The answer should consist of all the records, copied exactly.

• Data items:
=== Section Start ===
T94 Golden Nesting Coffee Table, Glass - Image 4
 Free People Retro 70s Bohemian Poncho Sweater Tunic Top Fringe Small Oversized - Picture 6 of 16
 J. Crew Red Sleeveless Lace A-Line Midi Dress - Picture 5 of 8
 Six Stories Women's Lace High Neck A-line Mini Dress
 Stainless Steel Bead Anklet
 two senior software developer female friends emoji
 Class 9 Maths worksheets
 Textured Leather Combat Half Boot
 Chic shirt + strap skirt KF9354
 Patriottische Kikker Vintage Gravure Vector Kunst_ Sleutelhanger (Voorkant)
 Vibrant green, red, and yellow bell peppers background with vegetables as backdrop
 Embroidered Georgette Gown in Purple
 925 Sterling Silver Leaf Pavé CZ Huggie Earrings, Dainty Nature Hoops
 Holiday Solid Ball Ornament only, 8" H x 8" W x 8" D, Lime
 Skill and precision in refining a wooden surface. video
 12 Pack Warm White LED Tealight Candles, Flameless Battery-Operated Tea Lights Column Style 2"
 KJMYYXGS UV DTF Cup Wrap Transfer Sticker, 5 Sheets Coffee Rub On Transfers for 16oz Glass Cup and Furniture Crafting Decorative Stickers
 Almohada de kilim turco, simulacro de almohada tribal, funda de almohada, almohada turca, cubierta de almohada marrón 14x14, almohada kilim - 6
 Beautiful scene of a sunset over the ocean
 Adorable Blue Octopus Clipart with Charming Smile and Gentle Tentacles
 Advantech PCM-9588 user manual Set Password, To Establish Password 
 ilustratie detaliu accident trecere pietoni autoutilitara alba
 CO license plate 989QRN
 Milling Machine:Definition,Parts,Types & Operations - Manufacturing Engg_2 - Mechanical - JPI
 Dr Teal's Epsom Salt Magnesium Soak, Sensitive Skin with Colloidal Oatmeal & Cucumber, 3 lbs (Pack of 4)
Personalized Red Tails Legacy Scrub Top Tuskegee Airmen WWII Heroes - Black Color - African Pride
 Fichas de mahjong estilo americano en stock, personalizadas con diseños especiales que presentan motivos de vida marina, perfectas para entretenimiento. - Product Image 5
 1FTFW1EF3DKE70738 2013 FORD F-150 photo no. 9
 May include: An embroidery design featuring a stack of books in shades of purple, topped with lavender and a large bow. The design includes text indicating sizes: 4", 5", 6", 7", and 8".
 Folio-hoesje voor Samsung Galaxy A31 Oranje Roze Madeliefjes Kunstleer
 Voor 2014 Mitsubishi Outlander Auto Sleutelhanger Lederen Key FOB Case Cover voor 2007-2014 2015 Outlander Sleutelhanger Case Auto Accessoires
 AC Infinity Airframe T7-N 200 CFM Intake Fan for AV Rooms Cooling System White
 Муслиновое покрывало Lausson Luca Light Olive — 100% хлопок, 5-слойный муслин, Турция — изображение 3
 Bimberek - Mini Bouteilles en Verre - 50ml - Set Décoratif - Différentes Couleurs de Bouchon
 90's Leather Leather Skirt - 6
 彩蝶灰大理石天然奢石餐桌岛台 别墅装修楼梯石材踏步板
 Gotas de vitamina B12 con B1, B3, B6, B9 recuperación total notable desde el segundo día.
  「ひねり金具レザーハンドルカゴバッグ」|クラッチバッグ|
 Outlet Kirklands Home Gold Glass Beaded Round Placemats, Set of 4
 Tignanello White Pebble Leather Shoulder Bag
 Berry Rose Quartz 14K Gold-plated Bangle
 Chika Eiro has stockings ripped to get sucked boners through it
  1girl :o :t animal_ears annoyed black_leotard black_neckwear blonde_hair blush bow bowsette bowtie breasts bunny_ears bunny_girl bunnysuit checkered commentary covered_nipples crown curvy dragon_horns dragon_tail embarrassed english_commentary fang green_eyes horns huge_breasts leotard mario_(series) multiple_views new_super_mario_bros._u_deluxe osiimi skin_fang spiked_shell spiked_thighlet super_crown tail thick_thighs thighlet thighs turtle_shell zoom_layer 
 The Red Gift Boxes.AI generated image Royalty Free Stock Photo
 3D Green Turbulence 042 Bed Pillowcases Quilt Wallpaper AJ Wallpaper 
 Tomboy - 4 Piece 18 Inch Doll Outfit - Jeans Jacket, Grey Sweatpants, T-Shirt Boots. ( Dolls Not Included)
=== Section End ===
• Output for this task:
T94 Golden Nesting Coffee Table, Glass - Image 4
 Free People Retro 70s Bohemian Poncho Sweater Tunic Top Fringe Small Oversized - Picture 6 of 16
 J. Crew Red Sleeveless Lace A-Line Midi Dress - Picture 5 of 8
 Six Stories Women's Lace High Neck A-line Mini Dress
 Stainless Steel Bead Anklet
 two senior software developer female friends emoji
 Class 9 Maths worksheets
 Textured Leather Combat Half Boot
 Chic shirt + strap skirt KF9354
 Patriottische Kikker Vintage Gravure Vector Kunst_ Sleutelhanger (Voorkant)
 Vibrant green, red, and yellow bell peppers background with vegetables as backdrop
 Embroidered Georgette Gown in Purple
 925 Sterling Silver Leaf Pavé CZ Huggie Earrings, Dainty Nature Hoops
 Holiday Solid Ball Ornament only, 8" H x 8" W x 8" D, Lime
 Skill and precision in refining a wooden surface. video
 12 Pack Warm White LED Tealight Candles, Flameless Battery-Operated Tea Lights Column Style 2"
 KJMYYXGS UV DTF Cup Wrap Transfer Sticker, 5 Sheets Coffee Rub On Transfers for 16oz Glass Cup and Furniture Crafting Decorative Stickers
 Almohada de kilim turco, simulacro de almohada tribal, funda de almohada, almohada turca, cubierta de almohada marrón 14x14, almohada kilim - 6
 Beautiful scene of a sunset over the ocean
 Adorable Blue Octopus Clipart with Charming Smile and Gentle Tentacles
 Advantech PCM-9588 user manual Set Password, To Establish Password 
 ilustratie detaliu accident trecere pietoni autoutilitara alba
 CO license plate 989QRN
 Milling Machine:Definition,Parts,Types & Operations - Manufacturing Engg_2 - Mechanical - JPI
 Dr Teal's Epsom Salt Magnesium Soak, Sensitive Skin with Colloidal Oatmeal & Cucumber, 3 lbs (Pack of 4)
Personalized Red Tails Legacy Scrub Top Tuskegee Airmen WWII Heroes - Black Color - African Pride
 Fichas de mahjong estilo americano en stock, personalizadas con diseños especiales que presentan motivos de vida marina, perfectas para entretenimiento. - Product Image 5
 1FTFW1EF3DKE70738 2013 FORD F-150 photo no. 9
 May include: An embroidery design featuring a stack of books in shades of purple, topped with lavender and a large bow. The design includes text indicating sizes: 4", 5", 6", 7", and 8".
 Folio-hoesje voor Samsung Galaxy A31 Oranje Roze Madeliefjes Kunstleer
 Voor 2014 Mitsubishi Outlander Auto Sleutelhanger Lederen Key FOB Case Cover voor 2007-2014 2015 Outlander Sleutelhanger Case Auto Accessoires
 AC Infinity Airframe T7-N 200 CFM Intake Fan for AV Rooms Cooling System White
 Муслиновое покрывало Lausson Luca Light Olive — 100% хлопок, 5-слойный муслин, Турция — изображение 3
 Bimberek - Mini Bouteilles en Verre - 50ml - Set Décoratif - Différentes Couleurs de Bouchon
 90's Leather Leather Skirt - 6
 彩蝶灰大理石天然奢石餐桌岛台 别墅装修楼梯石材踏步板
 Gotas de vitamina B12 con B1, B3, B6, B9 recuperación total notable desde el segundo día.
  「ひねり金具レザーハンドルカゴバッグ」|クラッチバッグ|
 Outlet Kirklands Home Gold Glass Beaded Round Placemats, Set of 4
 Tignanello White Pebble Leather Shoulder Bag
 Berry Rose Quartz 14K Gold-plated Bangle
 Chika Eiro has stockings ripped to get sucked boners through it
  1girl :o :t animal_ears annoyed black_leotard black_neckwear blonde_hair blush bow bowsette bowtie breasts bunny_ears bunny_girl bunnysuit checkered commentary covered_nipples crown curvy dragon_horns dragon_tail embarrassed english_commentary fang green_eyes horns huge_breasts leotard mario_(series) multiple_views new_super_mario_bros._u_deluxe osiimi skin_fang spiked_shell spiked_thighlet super_crown tail thick_thighs thighlet thighs turtle_shell zoom_layer 
 The Red Gift Boxes.AI generated image Royalty Free Stock Photo
 3D Green Turbulence 042 Bed Pillowcases Quilt Wallpaper AJ Wallpaper 
 Tomboy - 4 Piece 18 Inch Doll Outfit - Jeans Jacket, Grey Sweatpants, T-Shirt Boots. ( Dolls Not Included)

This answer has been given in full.